-- Your task --
Repeat the entries without change, omitting the pictures.

-- Data to examine --

-- Opening Marker --

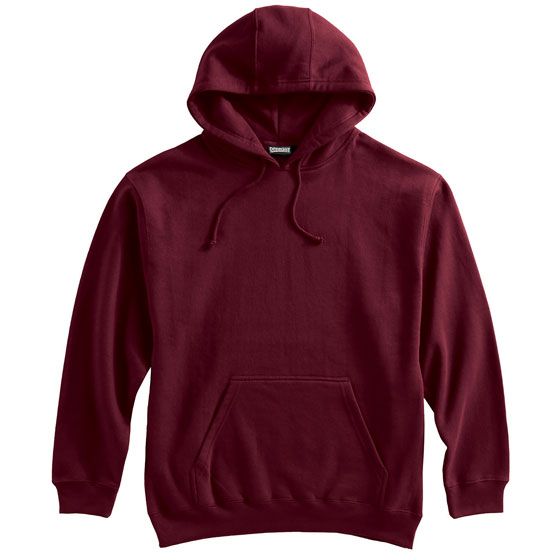 Maroon long-sleeved pullover hoodie with a front kangaroo pocket and adjustable drawstrings, shown against a plain white background.
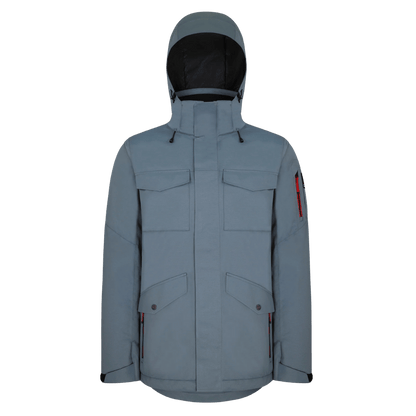 BOULDER GEAR TETON JACKET EXTENDED SLATE BLUE FRONT VIEW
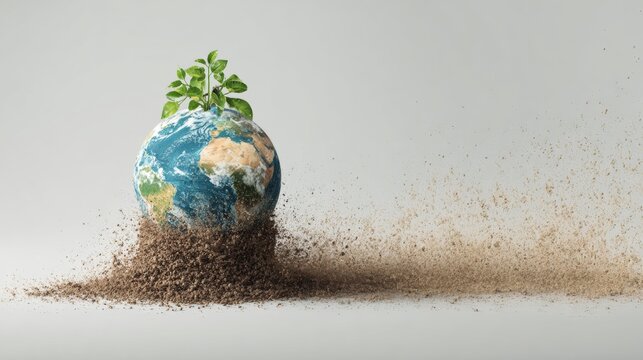 Planetary blossoming: nature's triumph over adversity. Concept art. World environment in bloom: a rich composition of nature's wonders. Visual identity. Product showcase.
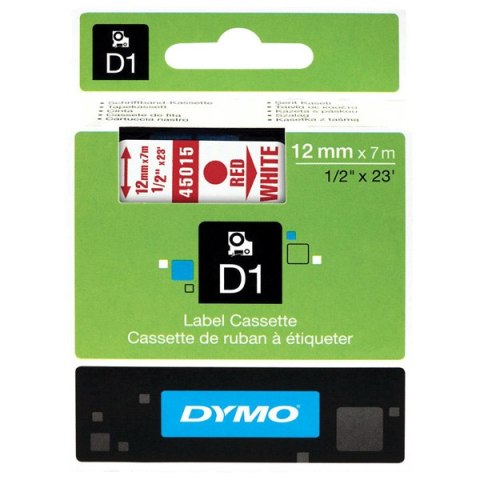 Dymo oryginalny taśma do drukarek etykiet, Dymo, 45015, S0720550, czerwony druk/biały podkład, 7m, 12mm, D1 Dymo oryginalny taśma do drukarek etykiet, Dymo, 45015, S0720550, czerwony druk/biały podkład, 7m, 12mm, D1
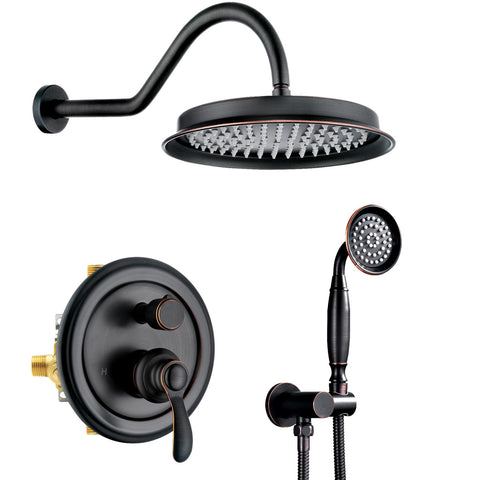 Homekicen Antique Brass Shower System Faucet Set, 9" Rainfall head with Handheld Spray Combo, 2 Way Diverter Pressure Balancing Valve with Trim Kit for Bathroom
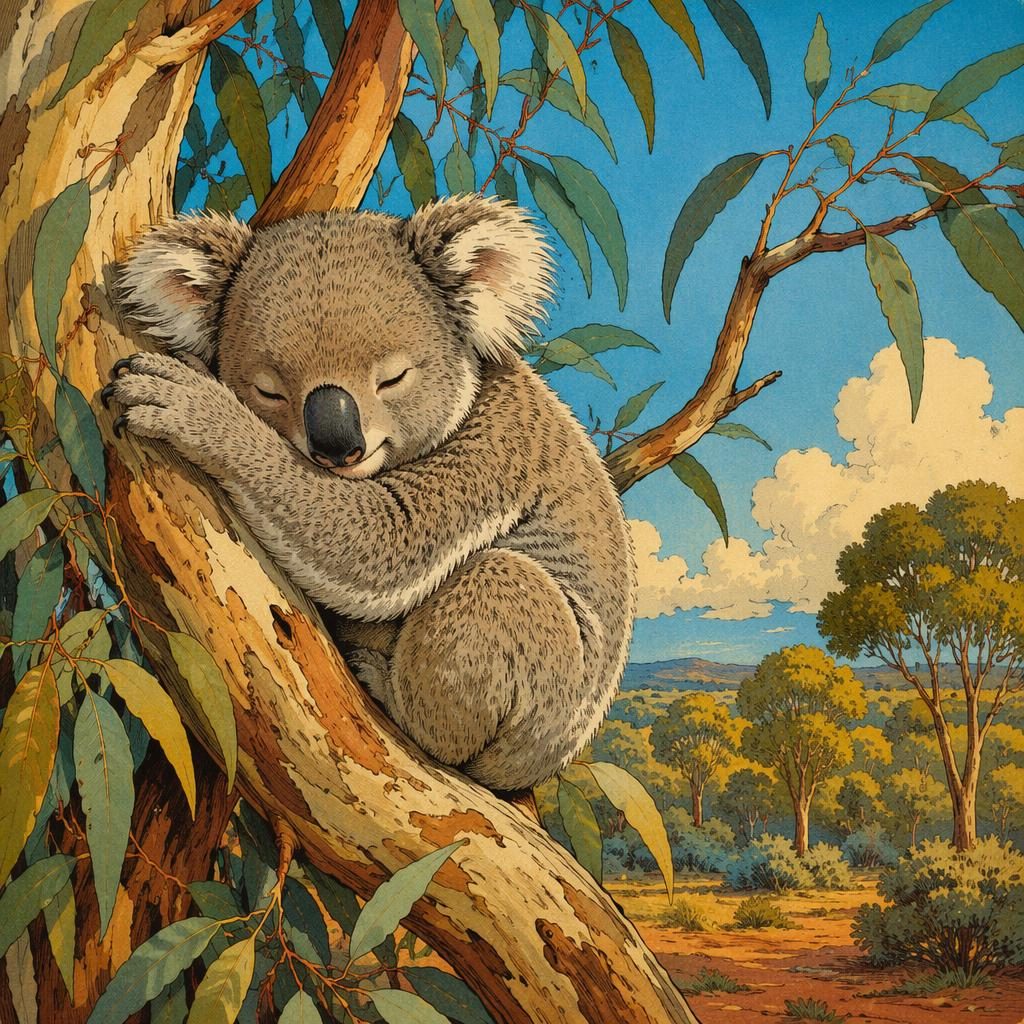 Illustration jeunesse rétro années 1970 d’un koala endormi dans un eucalyptus, palette primaire vive et lumière douce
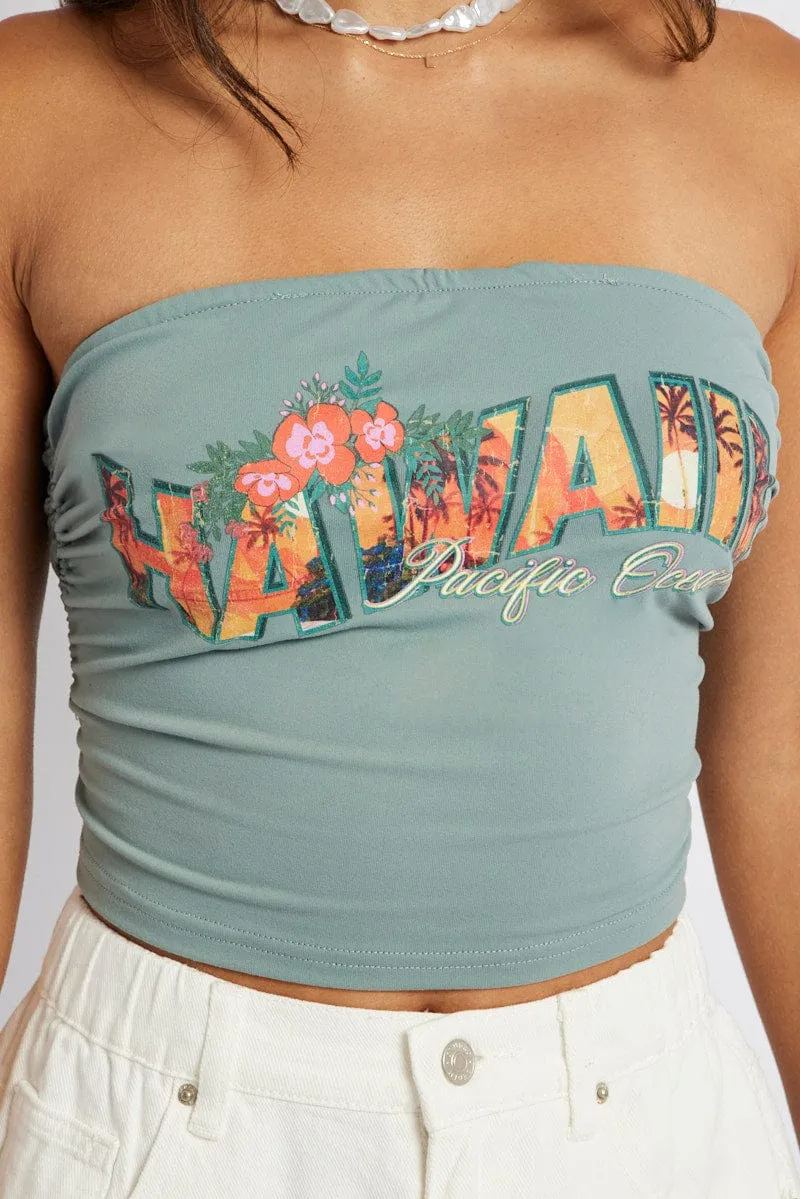 Green Bandeau Top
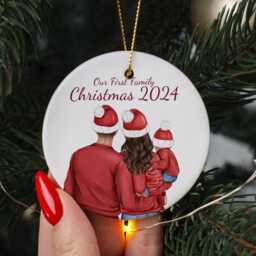 Personalized Family Bauble First Baby Christmas Ornament - Together On Our Chtistmas Tree - thumbnail 4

-- Closing Marker --

-- Solution for this exercise --
 Maroon long-sleeved pullover hoodie with a front kangaroo pocket and adjustable drawstrings, shown against a plain white background.
 BOULDER GEAR TETON JACKET EXTENDED SLATE BLUE FRONT VIEW
 Planetary blossoming: nature's triumph over adversity. Concept art. World environment in bloom: a rich composition of nature's wonders. Visual identity. Product showcase.
 Dymo oryginalny taśma do drukarek etykiet, Dymo, 45015, S0720550, czerwony druk/biały podkład, 7m, 12mm, D1 Dymo oryginalny taśma do drukarek etykiet, Dymo, 45015, S0720550, czerwony druk/biały podkład, 7m, 12mm, D1
 Homekicen Antique Brass Shower System Faucet Set, 9" Rainfall head with Handheld Spray Combo, 2 Way Diverter Pressure Balancing Valve with Trim Kit for Bathroom
 Illustration jeunesse rétro années 1970 d’un koala endormi dans un eucalyptus, palette primaire vive et lumière douce
 Green Bandeau Top
 Personalized Family Bauble First Baby Christmas Ornament - Together On Our Chtistmas Tree - thumbnail 4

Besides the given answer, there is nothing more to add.